3) A superior sense of eyesight and vision
What we do in the shadows, indeed. Twice we are shown an example of pareidolia, which is defined as “seeing faces in random objects or patterns of light and shadow.” And it is of great significance that only three characters – the late Bronco Henry, Phil and Peter – possess the ability to look at this mountain range and see the profile of a howling dog.
“The Power of the Dog” takes its title from a Biblical verse in the book of Psalms, which is read by Peter at the end of the film. But this use of pareidolia, literally the power to see the dog, gives the title a deeper meaning, skirting on the edge of the supernatural. Phil is astonished when he realizes that Peter can see the dog shadow in the mountain. It’s as if an animal kinship has been formed between them, as he recognizes that Peter is also gifted with his own innate power of vision.
“I was always very nervous about making the shadow feel plausible and beautiful, fleeting enough but clear enough,” Wegner said. “t’s quite a delicate balance. And actually talking to audiences after film, I’d say maybe about 30 percent of people don’t see the dog. We were OK if some percentage of the audience missed it.”
There is also a reading of this shadow recognition as a trait of certain characters’ homosexuality. Incidentally, homoeroticism has been a tenet of vampire stories since at least the Victorian era, though it’s important to point out that while the characters of Bronco Henry and Phil are closeted gay men (as was Savage, the novel’s author), the character of Peter is trickier to label. He’s deliberately presented so that other characters and the audience stereotype him as gay, however….

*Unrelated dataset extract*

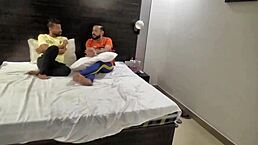 College girl experiences real Indian gangbang with rough fucking, licking, and creampie in hot threesome action.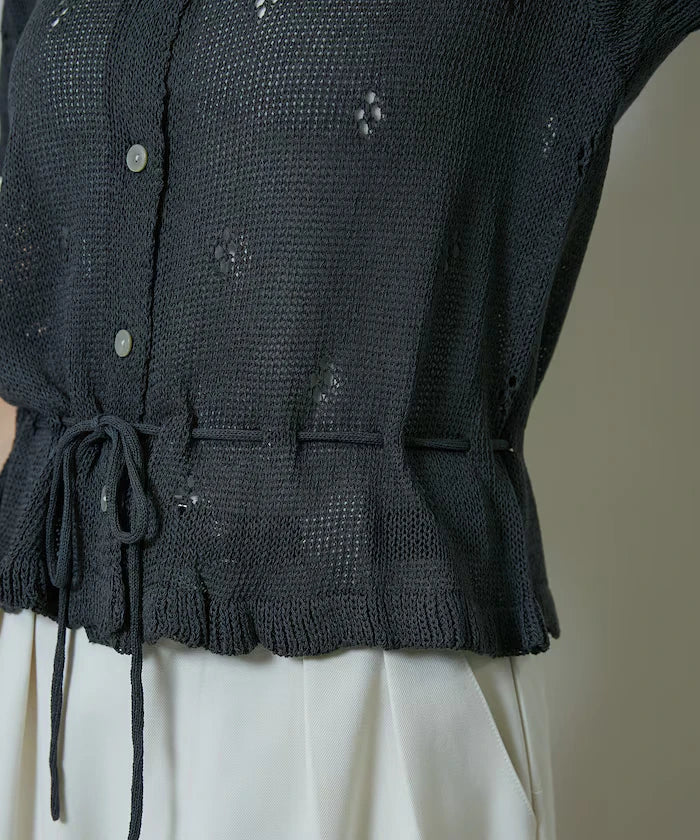 Linen Touch Eyelet Knit Cardigan Limited Edition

4) Sexual seduction as a masquerade for murder
…it is possible that Peter’s motive, like a vampire’s, is not actually sexual but lethal. His intention is not to romance Phil. His intention is to kill him. (It’s also implied, more so in the novel, that Peter had a hand in his own father’s death.)
“In the barn, where Phil and Peter are sharing a cigarette, we always called that a love scene,” Wegner said. “But it’s also a murder scene. Those two things can exist at the same time in a movie like this. It’s a climax and an anticlimax all in the same moment. And I love it for that.”

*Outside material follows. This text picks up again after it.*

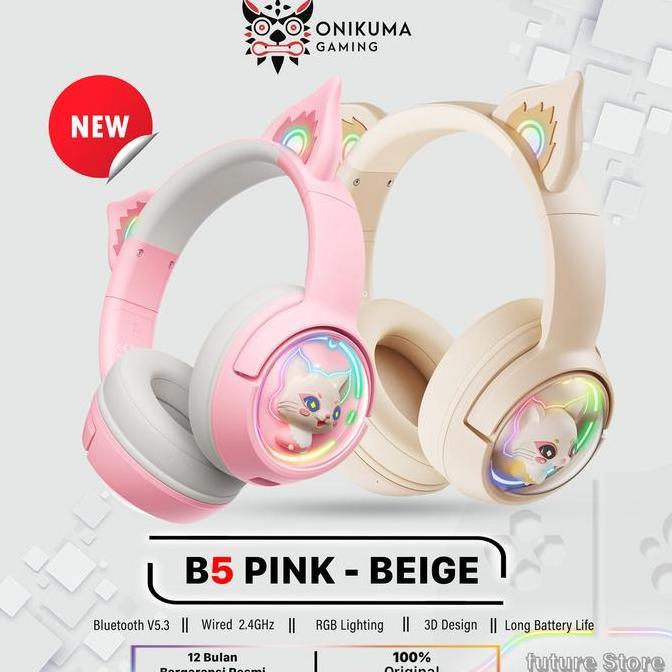 Onikuma B5 Headset Gaming Cat Ear Bluetooth-Bluetooth, Mic, Rgb, Gaming & Musik-Headset & Earbud Blu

She continued: “The film is set in a time and place where you can’t talk about a lot of things. So the scene between Phil and Peter in the barn was really just about the nuance of energy and the power dynamic relationship between two people. And I love tense scenes. It’s one of the pleasures of cinema that while most of us generally would avoid getting into a tense situation in our lives, but watching it on screen, it’s just like you can’t look away. It’s a really specific feeling of, ‘I don’t enjoy, but I enjoy it. I want it to end, but I want it to keep going.’”
5) The use of blood as the method to kill
In that scene in the barn, we are also treated to another visual echo. Early in the movie, it was Phil who was standing on a staircase, imposing his dread downward with his face lit like Bela Lugosi’s in 1931’s “Dracula”.

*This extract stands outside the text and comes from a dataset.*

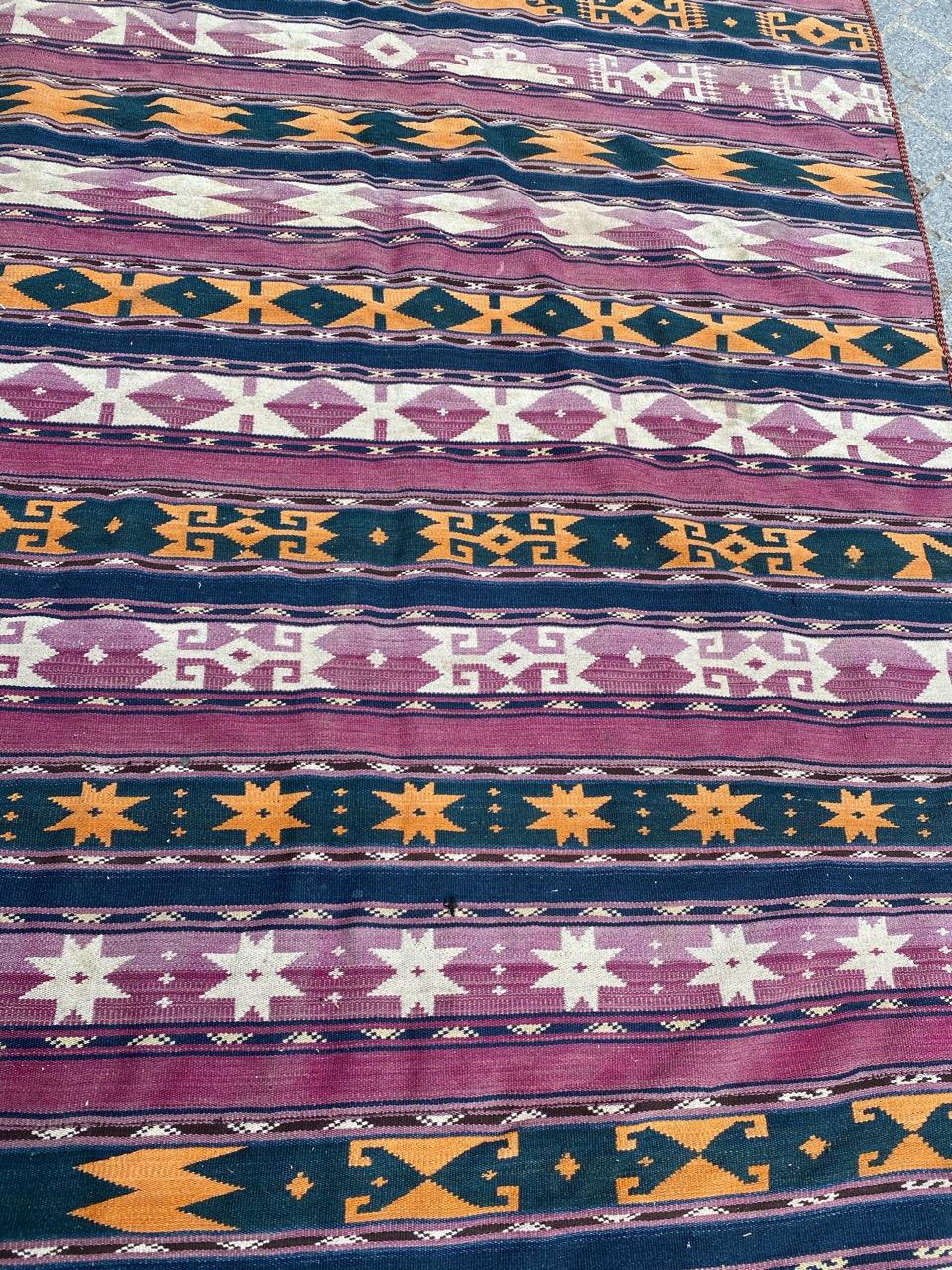 Bobyrug’s Antique Long Tribal Kilim For Sale 6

And now, later in the film, Wegner’s camera shoots Peter from that most dramatic of movie angles, slightly below his eyeline, peering spellbindingly at Phil.
Peter has used his knowledge of medical science to strip rawhide from a cattle that died of anthrax, and includes the rawhide in a bath to soak for rope making. When Phil puts his wounded, bloody hand in the bath, Peter simply looks on. The poison has slipped into Phil’s bloodstream. The vampire’s apprentice has slain the vampire.
“What’s so fascinating about the Peter character is that our perception of him changes a lot more than he changes,” Wegner said. “The ending, I think, is a lot more satisfying than if we told you to feel a certain way. I guess there’s kind of a twist in the plot, but this isn’t a film where where the audience should feel tricked or feel like they got it wrong. It’s open to a lot of interpretations and a lot of perceptions. And that’s what makes a great conversation.”
“The Power of the Dog” is streaming now on Netflix.